After a series of devastating wildfires in the West, many states are increasingly funding efforts to clear forests to reduce these dangers. This includes clearing brush, felling trees or using controlled burning to damage the landscape and prevent fires from spreading into the forest canopy.
As climate change accelerates in the coming years, states are expected to generate increasing amounts of forest waste from these efforts, said Justin Freiberg, managing director of Yale’s Carbon Containment Lab, which has been conducting field experiments exploring many “Wood Carbon Containment” method under different conditions over the years.
But today, harvested plants and trees are often stacked in cleared areas and left to rot or deliberately burned.

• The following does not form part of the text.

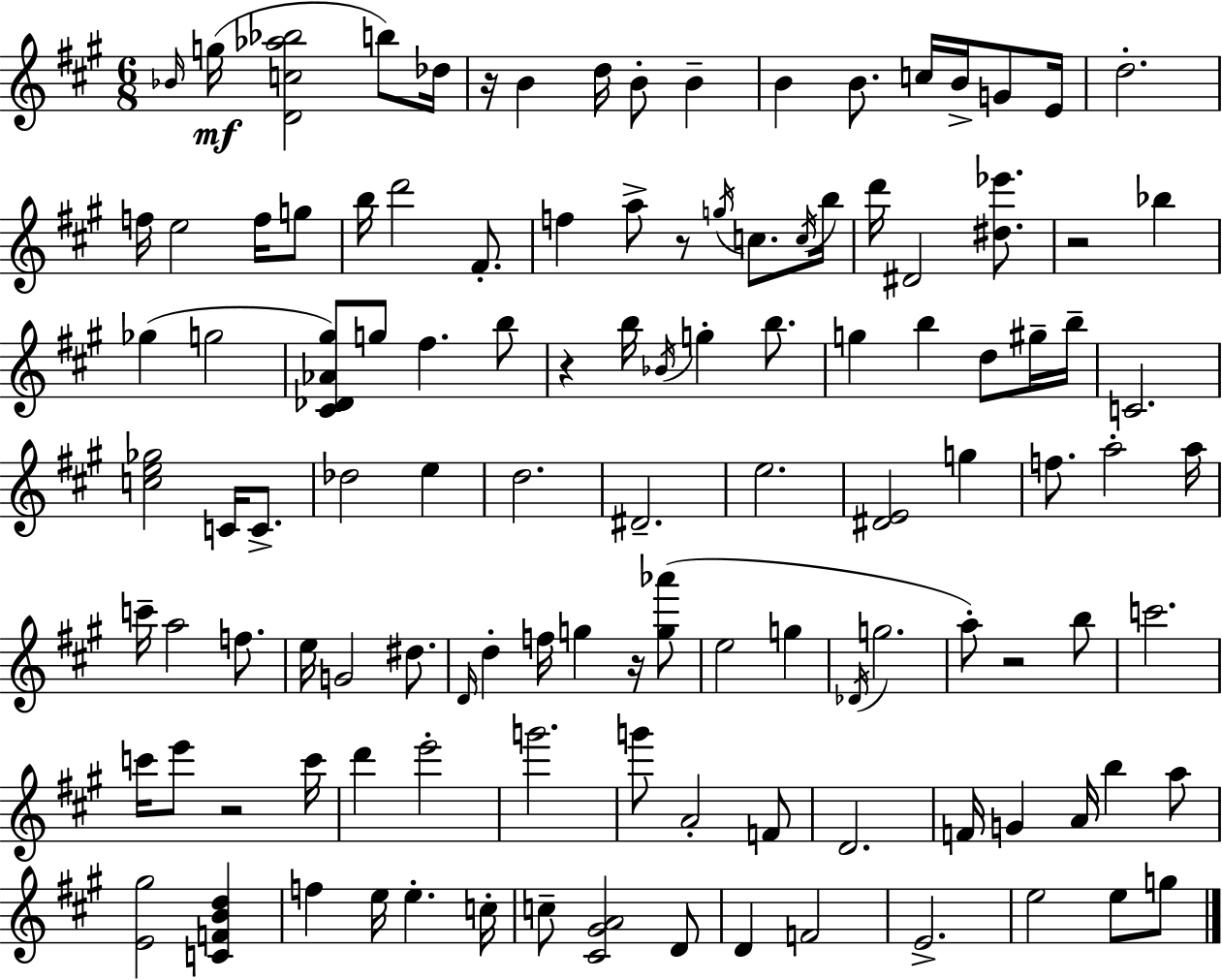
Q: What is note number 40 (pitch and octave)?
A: B5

This allows the carbon stored in it to simply return to the atmosphere, causing further warming.
Kodama wanted to address both wildfire danger and emissions challenges. The company says it’s developing ways to automatically thin overcrowded forests, which would make the process cheaper and faster (although it hasn’t discussed that part of the business in detail). After stripping branches from trees that are too small to sell, they load them onto trucks and drive them to prepared pits.
Kodama system
The key is to make sure what the company calls a “wood vault” will keep out oxygen and water, which would otherwise speed up decomposition and prevent greenhouse gas leaks.

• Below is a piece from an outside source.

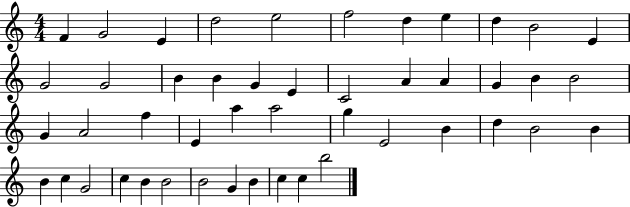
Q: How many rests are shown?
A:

In a site visit with researchers at Yale University, expected to begin in the third quarter of next year, the company intends to build a burial mound seven yards high, three yards deep, and 58 yards long and wide in the Nevada desert.
They plan to cover the biomass with a geotextile liner, which will then be buried under soil and a layer of native vegetation that chooses to absorb water. Given the region’s dry conditions, this would create a closed system that would prevent “decomposers from acting on the buried wood mass,” ensuring the carbon stays in place for thousands of years, said Jimmy Voorhis, director of biomass use and policy. Kodama.
They also left the timber exposed on site and created smaller side vaults designed in different ways, Freiberg added. Over the years, the teams will continue to monitor them and compare decomposition rates and any greenhouse gas leakage. The teams hope to be able to extrapolate long-term carbon storage estimates from this and other studies and experiments.